Task prompt: Repeat the entries that follow, exactly as they are written.

_ _ _

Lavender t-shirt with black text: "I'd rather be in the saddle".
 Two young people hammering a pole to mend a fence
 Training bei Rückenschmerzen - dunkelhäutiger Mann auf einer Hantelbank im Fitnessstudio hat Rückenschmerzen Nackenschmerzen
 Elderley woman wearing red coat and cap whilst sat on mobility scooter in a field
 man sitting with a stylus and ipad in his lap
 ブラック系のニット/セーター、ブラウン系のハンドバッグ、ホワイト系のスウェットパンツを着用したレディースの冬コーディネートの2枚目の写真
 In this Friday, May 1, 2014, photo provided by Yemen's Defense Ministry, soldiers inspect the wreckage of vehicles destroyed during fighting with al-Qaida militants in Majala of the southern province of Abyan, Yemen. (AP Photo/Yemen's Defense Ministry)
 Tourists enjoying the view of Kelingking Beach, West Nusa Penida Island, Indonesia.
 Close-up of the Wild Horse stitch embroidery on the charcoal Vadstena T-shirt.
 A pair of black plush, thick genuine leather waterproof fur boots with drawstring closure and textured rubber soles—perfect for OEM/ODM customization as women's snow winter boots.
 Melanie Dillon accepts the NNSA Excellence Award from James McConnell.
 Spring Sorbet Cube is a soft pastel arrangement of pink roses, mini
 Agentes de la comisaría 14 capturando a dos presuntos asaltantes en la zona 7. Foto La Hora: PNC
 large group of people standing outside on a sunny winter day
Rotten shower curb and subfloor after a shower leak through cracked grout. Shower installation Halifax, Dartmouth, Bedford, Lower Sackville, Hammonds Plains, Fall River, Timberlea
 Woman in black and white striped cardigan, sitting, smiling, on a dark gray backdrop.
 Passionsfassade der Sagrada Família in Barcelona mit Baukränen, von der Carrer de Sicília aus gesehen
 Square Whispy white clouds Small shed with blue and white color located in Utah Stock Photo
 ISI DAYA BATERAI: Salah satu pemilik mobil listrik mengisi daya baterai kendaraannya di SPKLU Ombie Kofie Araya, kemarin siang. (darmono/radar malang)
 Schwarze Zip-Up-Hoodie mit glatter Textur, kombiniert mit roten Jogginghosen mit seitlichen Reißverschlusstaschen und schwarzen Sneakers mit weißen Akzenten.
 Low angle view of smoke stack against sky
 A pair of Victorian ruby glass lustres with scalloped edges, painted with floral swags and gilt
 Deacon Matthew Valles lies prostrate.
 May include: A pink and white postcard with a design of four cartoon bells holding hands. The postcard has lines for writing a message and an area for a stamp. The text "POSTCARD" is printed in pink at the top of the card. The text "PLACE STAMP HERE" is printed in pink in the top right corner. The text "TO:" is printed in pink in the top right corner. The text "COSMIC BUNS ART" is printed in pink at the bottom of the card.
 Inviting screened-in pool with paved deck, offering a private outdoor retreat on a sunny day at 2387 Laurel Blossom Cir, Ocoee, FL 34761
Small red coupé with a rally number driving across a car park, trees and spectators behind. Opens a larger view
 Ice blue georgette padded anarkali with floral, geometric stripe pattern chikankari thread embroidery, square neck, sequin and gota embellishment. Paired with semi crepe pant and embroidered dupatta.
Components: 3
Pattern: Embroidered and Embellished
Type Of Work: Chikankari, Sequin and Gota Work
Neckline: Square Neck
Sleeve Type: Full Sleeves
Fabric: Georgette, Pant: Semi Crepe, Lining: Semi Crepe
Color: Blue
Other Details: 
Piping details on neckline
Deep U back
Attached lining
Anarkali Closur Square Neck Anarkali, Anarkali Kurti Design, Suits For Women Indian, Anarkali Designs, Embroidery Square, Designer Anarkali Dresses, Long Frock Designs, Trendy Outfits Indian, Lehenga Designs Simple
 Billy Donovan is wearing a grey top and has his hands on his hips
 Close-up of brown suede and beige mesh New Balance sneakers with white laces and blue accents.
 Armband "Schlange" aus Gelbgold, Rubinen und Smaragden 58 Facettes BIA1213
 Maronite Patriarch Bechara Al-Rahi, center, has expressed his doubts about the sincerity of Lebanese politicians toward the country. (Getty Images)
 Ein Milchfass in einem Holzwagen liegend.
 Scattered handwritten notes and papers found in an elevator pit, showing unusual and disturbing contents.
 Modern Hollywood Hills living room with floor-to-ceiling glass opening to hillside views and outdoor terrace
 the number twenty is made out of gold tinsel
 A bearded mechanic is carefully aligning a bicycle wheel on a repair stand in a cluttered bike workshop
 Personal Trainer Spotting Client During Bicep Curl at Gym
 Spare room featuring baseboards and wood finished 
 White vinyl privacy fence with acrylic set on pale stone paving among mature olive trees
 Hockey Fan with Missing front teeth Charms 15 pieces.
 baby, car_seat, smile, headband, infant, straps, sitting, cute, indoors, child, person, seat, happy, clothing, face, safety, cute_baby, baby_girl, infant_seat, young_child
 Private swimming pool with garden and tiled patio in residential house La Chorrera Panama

_ _ _

Answer:
Lavender t-shirt with black text: "I'd rather be in the saddle".
 Two young people hammering a pole to mend a fence
 Training bei Rückenschmerzen - dunkelhäutiger Mann auf einer Hantelbank im Fitnessstudio hat Rückenschmerzen Nackenschmerzen
 Elderley woman wearing red coat and cap whilst sat on mobility scooter in a field
 man sitting with a stylus and ipad in his lap
 ブラック系のニット/セーター、ブラウン系のハンドバッグ、ホワイト系のスウェットパンツを着用したレディースの冬コーディネートの2枚目の写真
 In this Friday, May 1, 2014, photo provided by Yemen's Defense Ministry, soldiers inspect the wreckage of vehicles destroyed during fighting with al-Qaida militants in Majala of the southern province of Abyan, Yemen. (AP Photo/Yemen's Defense Ministry)
 Tourists enjoying the view of Kelingking Beach, West Nusa Penida Island, Indonesia.
 Close-up of the Wild Horse stitch embroidery on the charcoal Vadstena T-shirt.
 A pair of black plush, thick genuine leather waterproof fur boots with drawstring closure and textured rubber soles—perfect for OEM/ODM customization as women's snow winter boots.
 Melanie Dillon accepts the NNSA Excellence Award from James McConnell.
 Spring Sorbet Cube is a soft pastel arrangement of pink roses, mini
 Agentes de la comisaría 14 capturando a dos presuntos asaltantes en la zona 7. Foto La Hora: PNC
 large group of people standing outside on a sunny winter day
Rotten shower curb and subfloor after a shower leak through cracked grout. Shower installation Halifax, Dartmouth, Bedford, Lower Sackville, Hammonds Plains, Fall River, Timberlea
 Woman in black and white striped cardigan, sitting, smiling, on a dark gray backdrop.
 Passionsfassade der Sagrada Família in Barcelona mit Baukränen, von der Carrer de Sicília aus gesehen
 Square Whispy white clouds Small shed with blue and white color located in Utah Stock Photo
 ISI DAYA BATERAI: Salah satu pemilik mobil listrik mengisi daya baterai kendaraannya di SPKLU Ombie Kofie Araya, kemarin siang. (darmono/radar malang)
 Schwarze Zip-Up-Hoodie mit glatter Textur, kombiniert mit roten Jogginghosen mit seitlichen Reißverschlusstaschen und schwarzen Sneakers mit weißen Akzenten.
 Low angle view of smoke stack against sky
 A pair of Victorian ruby glass lustres with scalloped edges, painted with floral swags and gilt
 Deacon Matthew Valles lies prostrate.
 May include: A pink and white postcard with a design of four cartoon bells holding hands. The postcard has lines for writing a message and an area for a stamp. The text "POSTCARD" is printed in pink at the top of the card. The text "PLACE STAMP HERE" is printed in pink in the top right corner. The text "TO:" is printed in pink in the top right corner. The text "COSMIC BUNS ART" is printed in pink at the bottom of the card.
 Inviting screened-in pool with paved deck, offering a private outdoor retreat on a sunny day at 2387 Laurel Blossom Cir, Ocoee, FL 34761
Small red coupé with a rally number driving across a car park, trees and spectators behind. Opens a larger view
 Ice blue georgette padded anarkali with floral, geometric stripe pattern chikankari thread embroidery, square neck, sequin and gota embellishment. Paired with semi crepe pant and embroidered dupatta.
Components: 3
Pattern: Embroidered and Embellished
Type Of Work: Chikankari, Sequin and Gota Work
Neckline: Square Neck
Sleeve Type: Full Sleeves
Fabric: Georgette, Pant: Semi Crepe, Lining: Semi Crepe
Color: Blue
Other Details: 
Piping details on neckline
Deep U back
Attached lining
Anarkali Closur Square Neck Anarkali, Anarkali Kurti Design, Suits For Women Indian, Anarkali Designs, Embroidery Square, Designer Anarkali Dresses, Long Frock Designs, Trendy Outfits Indian, Lehenga Designs Simple
 Billy Donovan is wearing a grey top and has his hands on his hips
 Close-up of brown suede and beige mesh New Balance sneakers with white laces and blue accents.
 Armband "Schlange" aus Gelbgold, Rubinen und Smaragden 58 Facettes BIA1213
 Maronite Patriarch Bechara Al-Rahi, center, has expressed his doubts about the sincerity of Lebanese politicians toward the country. (Getty Images)
 Ein Milchfass in einem Holzwagen liegend.
 Scattered handwritten notes and papers found in an elevator pit, showing unusual and disturbing contents.
 Modern Hollywood Hills living room with floor-to-ceiling glass opening to hillside views and outdoor terrace
 the number twenty is made out of gold tinsel
 A bearded mechanic is carefully aligning a bicycle wheel on a repair stand in a cluttered bike workshop
 Personal Trainer Spotting Client During Bicep Curl at Gym
 Spare room featuring baseboards and wood finished 
 White vinyl privacy fence with acrylic set on pale stone paving among mature olive trees
 Hockey Fan with Missing front teeth Charms 15 pieces.
 baby, car_seat, smile, headband, infant, straps, sitting, cute, indoors, child, person, seat, happy, clothing, face, safety, cute_baby, baby_girl, infant_seat, young_child
 Private swimming pool with garden and tiled patio in residential house La Chorrera Panama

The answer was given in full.